Dear Dr. Seuss,
I have recently revisited one of your most famous pieces, Oh the Places You’ll Go!. This book was a huge part of my childhood, it was the book I most often chose off the shelf. But what I remembered is not what I found. I remember it being a book filled with beautiful pictures and a sweet story about a boy going on a journey. By the time I became a strong reader, I had moved on from this book and on to different books, I didn’t want to read “kids books” anymore.
Yes, your book does have amazing artwork, but coming back to the book as a 15 year old, something just seems very different. This book seems much more relatable now than it ever did then. Little did I know this book teaches so many important lessons that teenagers have to remind themselves of every day.
The first part I found that I could relate to was the part where he appears standing at an intersection, and he needed to choose a road to go down, but none of those roads are the one he wants to go down, so he decides to just head out of town. I find that this connects to decisions in a teenager’s mind. These days in high school there are lots of pressures, coming mostly from social media, and from peers to be a certain image of a person. Some think they need to dress or act a certain way, or even do things they shouldn’t be doing just to fit in. Others try to hide their personality and be someone that they’re not. The things that people will do to get some attention are beyond what I ever thought. But there are other kinds of students who simply do what they feel comfortable doing, and don’t worry about what others think. This is what the book is trying to show. I appreciate that it shows me not to be scared to be different if I wanted to, not to be afraid of being judged for making a good decision. I think that the book is trying to tell us that even if there are roads that are already paved and land you in a certain place, it is ok to choose none, and to pave your own road, that goes where you want to go. Thank you for this lesson.
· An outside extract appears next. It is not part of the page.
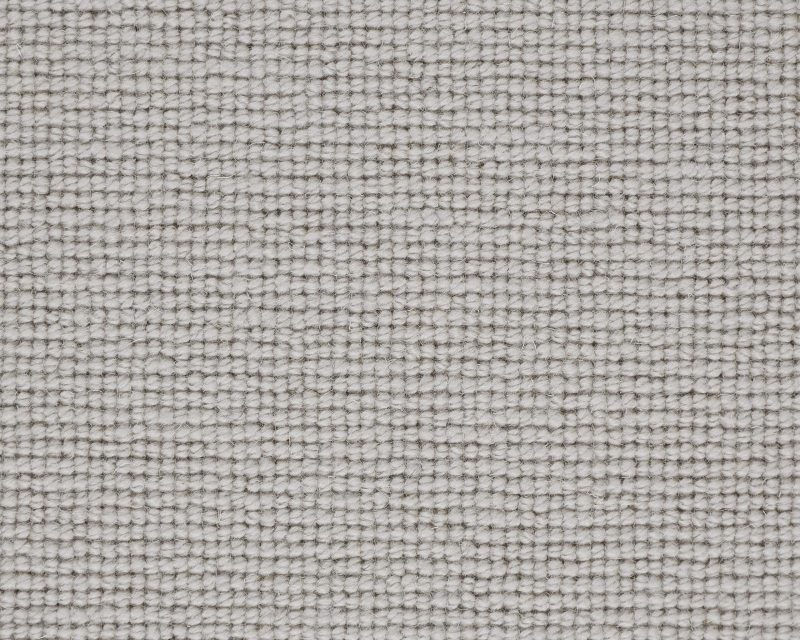 Close-up of a light grey woven fabric texture, showing a tight knit pattern.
The other lesson that was hidden beneath the simple words of this story was the part where it says sometimes you will be able to fly the highest and top everyone else, but sometimes you just don’t, and after that happens it will be hard to recover, but you will move on anyway. As a teenager I have figured this lesson out on my own. I’ve failed a test, or embarrassed myself, or experienced any variety of bad things. After those things there is a certain healing period depending on what happens, and then life just goes on. The book explains how the rest of your group might go on without you, and that is ok.
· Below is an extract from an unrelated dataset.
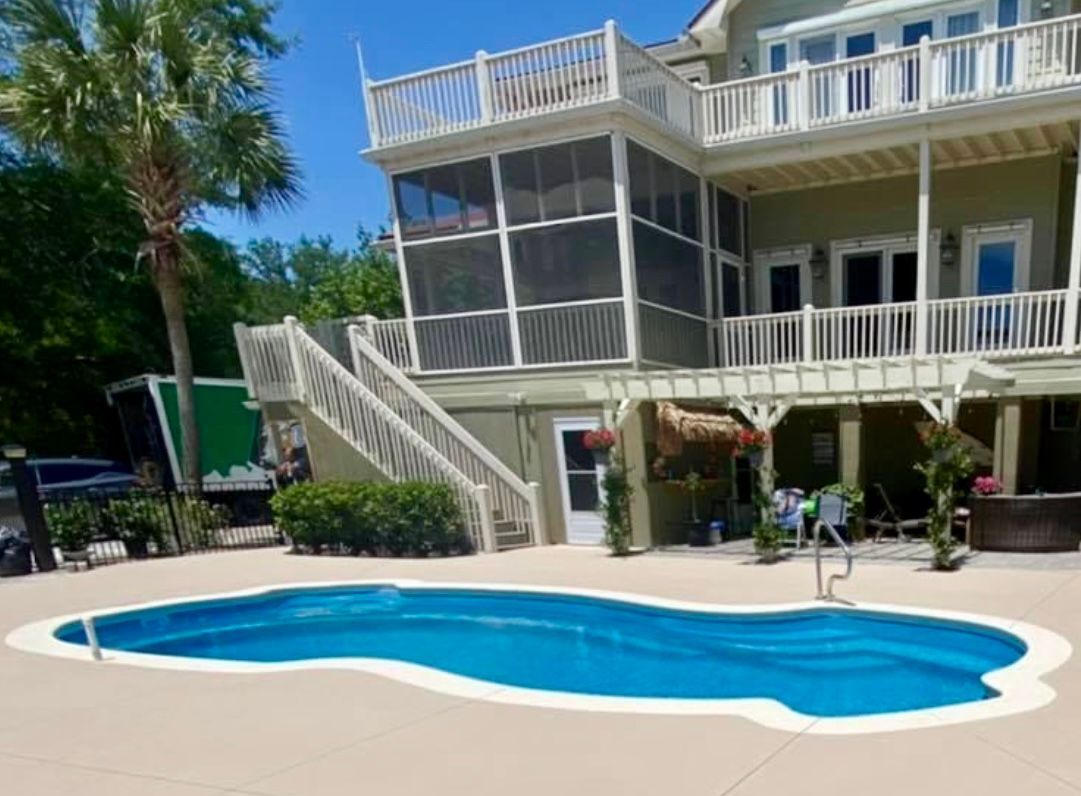 Swimming pool in front of a multi-story house with a screened porch and balconies. Palm tree on the side.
Your book goes over many more lessons about flexibility, and more about mistakes and choices. Maybe there was a time that I don’t remember where I was having this book read to me and I actually understood the messages. At least, I hope I did. But in the end, I figured them out on my own, which shows that they are a crucial part of life. I do want to share one really good memory that I do have of reading this book. Every time that my mom read me your book, when we got to the page where it says in big letters, “Oh! The Places You’ll Go!”, my mom would yell it in a fun and comforting way, that had a certain tune to it. This quote used to make me think about all of my future vacations and adventures, but now I see that it is the places within myself. To me it now makes me think of who I’m going to be in the future, and not where I will go.
Thank you for showing me the way.
Spanish part: La semana pasada releí el libro de Dr. Seuss, “Oh, the Places You’ll Go!” y descubrí que es un libro con muchos partes de aprender. El libro me enseñó que es bueno ir en una dirección diferente que otros. También me enseñó que cuando una persona comete un error ellos pueden siempre vuelven. Yo agradezco al autor por enseñarme unas lecciones importantes.